My home is my castle, and I willingly paid for its amenities, and the cost to live there. My neighbors don’t just walk in the door and use my house. The streets, trees, maintenance et al on the other hand are local COMMUNITY benefits. I should not pay more for the lawn maintenance, light across the street than someone else. As you’ve done it, about half of us will see increases, and half will have this part of property tax reduced, WHILE INCREASING THE AMOUNT BY 52% !
You didn’t even offer a same dollar number for everyone to consider – why not? And, I assume every other district is having this wealth tax curve impressed upon them. Who decided to create a wealth tax curve instead of a straight line, and do they have that right? I consider Special Benefits, a wealth tax curve on common facilities ludicrous. Lumping everything as “ improvements” is a misuse , as the bulk is routine maintenance.

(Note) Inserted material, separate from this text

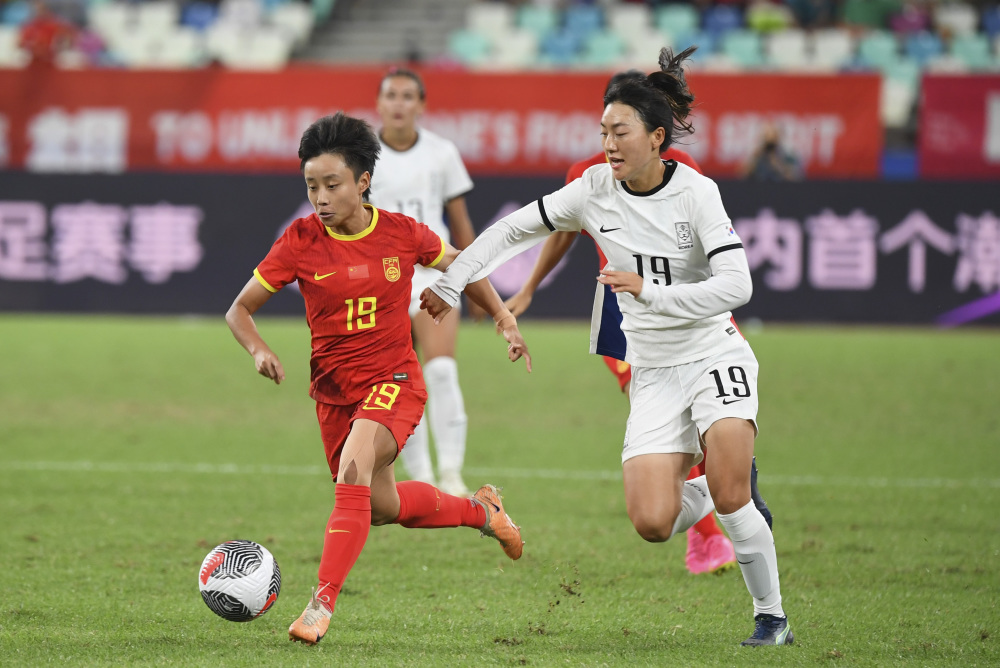 韩国女足队在比赛中表现稳定，取得连胜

I consider Rancho Solano VERY well maintained, and understand costs increase. I consider a 52% step jumping, becoming annually automated ad infinitum very questionable. I strongly disagree that after decades that you have decided to create a curve, making some neighbors pay more than others for the same, COMMON facilities. It’s not right.

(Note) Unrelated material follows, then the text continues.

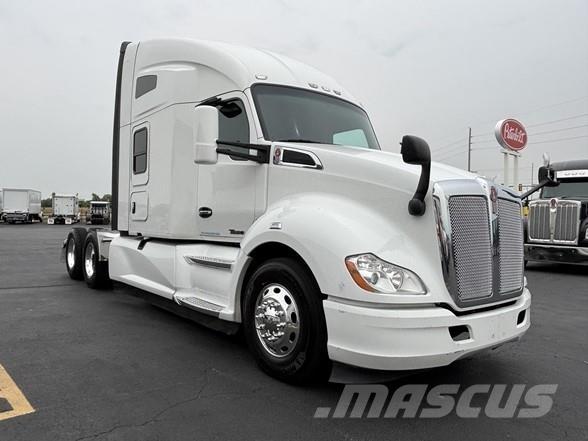 Kenworth T680 Cavalos Mecânicos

Hello Jeff, thank you for your question and apologies for the delay. All single family homes do not pay the same amount because not all parcels in the LLMD are identical in size and other characteristics, some will receive more special benefit than others. The formula to use for lot size, building size, ADT and land use has been devised to determine the proportional special benefit received by each parcel. The formula takes into account multiple factors in order to compensate for any dis-proportionality that might have resulted from relying exclusively on a single factor. We take guidance on this topic from multiple court cases, but primarily Dahms v Downtown Pomona PBID.